Understanding the intricacies of designing a large scale distributed system and why being agile is critical...
The industrial revolution made possible the use of new materials and designs that radically altered shipbuilding. The last two decades have been like an industrial revolution for software design and development. Just like the availability of steel, manufacturing processes, education, pre-fabrication techniques and the production line changed the scale of ships; The availability of cloud computing, a global customer base, ready to use components, a broad adoption of service oriented architecture and the Internet have come together to change the scale of software. Just like the difference in building a boat versus building a ship; Building a large scale distributed system is fundamentally different from building a small custom application. They are different processes with different focus areas and different assumptions which just look deceivingly similar.
Not built by one; not built for one
Most software today is not built from scratch and does not have a closed or well defined group of builders or users. Take a moment to think about that. Most boats have the same set of people working on it from its start to its end. They can make assumptions about everyone knowing everything and all of the compromises and what not. Most ships are built over years. People join and leave the builder team. And the ship continues to be tweaked, modified and upgraded years after it sails out of the shipyard. Doesn’t that sound very similar to the way software is ‘shipped’ today?
Software teams today need to start with that assumption that team members may not be around as the software continues to be developed and matures. Establishing that premise from the start enforces stricter contracts between components, reduces dependence on assumptions and drives better design as well as documentation.
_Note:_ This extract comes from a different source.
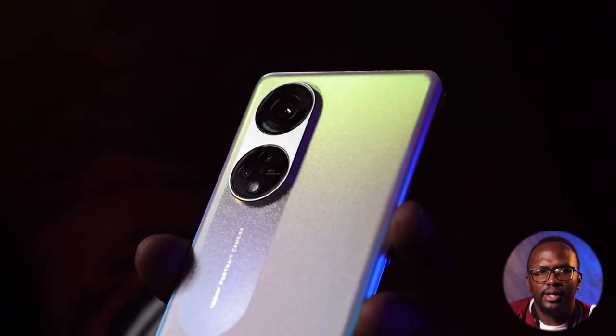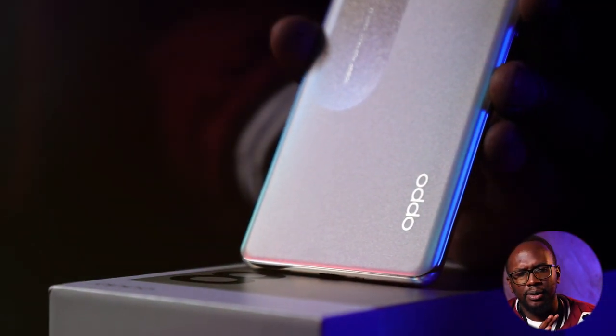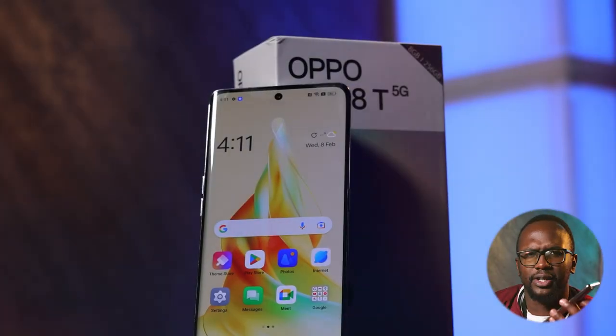Just right after I got it out the box, let me tell you, this phone looks amazing. OPPO really knows aesthetics — it is just beautiful. When you take it out, you feel privileged and honored. And the beautifulness of this device — for the very first time in a mid-range OPPO device, we get to see a curved display.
Moreover any large scale distributed system consists of multiple components spread across teams so following established design patterns and simple, clear contracts is very important
Similar assumptions and premises need to be established for a customer. When designing a large scale distributed system you are generally not targeting one known customer. You are targeting a ‘use-case’. You are targeting a problem that is valuable to solve and that will likely remain valuable over a long term. So while user groups and active feedback are important tools, they definitely fall short of being comprehensive for the modern software world. You have to build on premises of continuous evolution of the use-case and the user. That calls for simplifying and automating the voice of the customer. A/B testing, instrumentation, automated behavioral inputs, and in-flow feedback become more and more important as compared to concerted one-off events.
To make these assumptions requires clarity of the goal and big thinking. Don’t limit yourself to a developer or a customer. Go beyond thinking how your solution will be used in the next 2 years. Your design assumptions and tenets need to be bold. Compromises can be made during implementation as that is bound to be iterative. A bold, long term oriented design which does not assume a closed group of builders or users will naturally enable an iterative, improvement oriented implementation cycle.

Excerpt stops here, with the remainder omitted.